127.0.0.1:6379> ZEESQL.EXEC DB COMMAND "create index user_rank on users(score);"
1) 1) "DONE"
2) 1) (integer) 0
127.0.0.1:6379> ZEESQL.EXEC DB COMMAND "explain query plan select * from users where score = 3;"
1) 1) "RESULT"
2) 1) "id"
2) "parent"
3) "notused"
4) "detail"
3) 1) "INT"
2) "INT"
3) "INT"
4) "TEXT"
4) 1) (integer) 3
2) (integer) 0
3) (integer) 0
4) "SEARCH TABLE users USING INDEX user_rank (score=?)"

Conclusion

In this article, we show how to use secondary indexes in zeeSQL.

They are very powerful and useful when you are simplifying your queries against Redis Hashes.
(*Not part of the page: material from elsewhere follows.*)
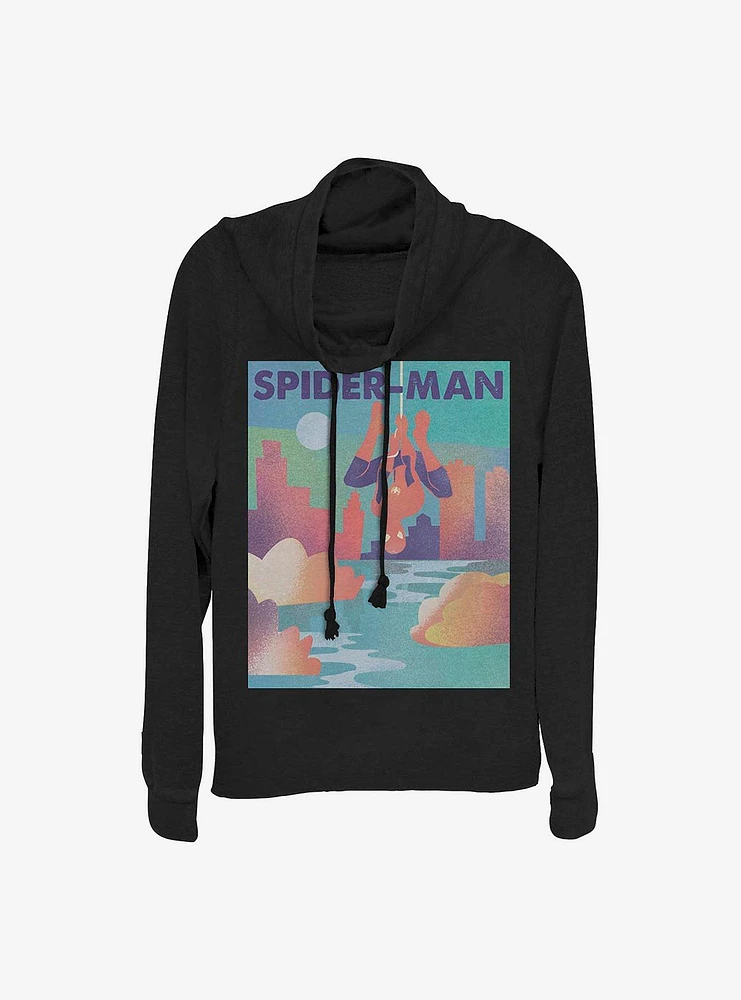 Marvel Spider-Man: Into The Spiderverse CIty Scene Cowl Neck Long-Sleeve Womens Top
Moreover, they allow you to think only about the main data, it is the query engine that finds the best way to query your data for you.

The important takeaway from this article should be that the table creates as zeeSQL secondary indexes are just standard tables. As such, those tables can be manipulated in whichever way the application developer finds more opportune.